Уже в машине, по дороге в следственный изолятор, понемногу приходя в себя, Марина услышала от Данилы слова, которые впоследствии помогли ей выжить на зоне:
— Никогда не жди конца срока, надейся лишь на день освобождения, не думай ни о каких амнистиях… И у тебя все получится…
После пронзительного гудка автозака массивные черные решетки СИЗО раздвинулись, дверь отворилась, и Марина спустилась на ступеньку вниз, чтобы на ватных ногах под конвоем пройти в камеру следственного изолятора и начать новую, не самую лучшую страницу своей жизни, в которой уже не было места жертвенной любви к Даниле.
34
Настойчивый стук не сразу разбудил постояльца — в дверь провинциального номера люкс колотила расстроенная Тамара.
— Ты? — прикрывая растительность на груди шелковой ночной сорочкой, пробормотал сонный Вениамин.
— Войти можно?
— Входи, раз пришла. И как тебя впустили в такое позднее время? Не похоже на нравственные устои советской гостиницы. Извини, чаю не могу предложить. Ресторан давно закрыт…

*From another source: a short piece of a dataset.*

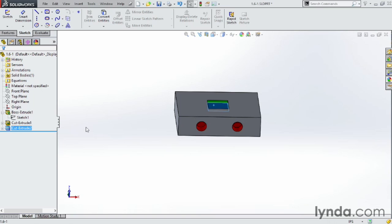So a lot of really great commands in SOLIDWORKS 2013 and 2014 have been added since we last recorded the course in 2012, and they're definitely something to take a look at.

— Они зверски убили моего мальчика прямо в зале суда, — женщина обреченно опустилась на кресло.
— Прими мои соболезнования, — Вениамин, наконец, справился с пуговицами на сорочке.
— Как ты можешь так спокойно об этом говорить? — женщина вытерла платком слезу.
— А что я могу сделать? Изменить его я не смог…
— Он, между прочим, твой сын…
— В некотором смысле да. Что ты сказала?
— Через месяц после того как тебя арестовали, я узнала, что беременна. Никита — твой сын.
— Почему же его воспитывал мой брат, а не я?
— А что мне было делать? Тебя осудили, рожать без мужа мне бы родители не позволили. Пришлось выйти замуж за твоего брата.
— В том, что ты не получила воспитания в институте благородных девиц, как это было у декабристских жен, я убедился сразу, как только ты выскочила замуж за Иннокентия. Тамара, я вышел на свободу через три года! Неужели тогда нельзя было исправить то, что натворила?
— Прости, Веня, я боялась. И потом, после освобождения ты стал совсем другим, чужим… То ли карты эти тебя испортили, то ли тюрьма…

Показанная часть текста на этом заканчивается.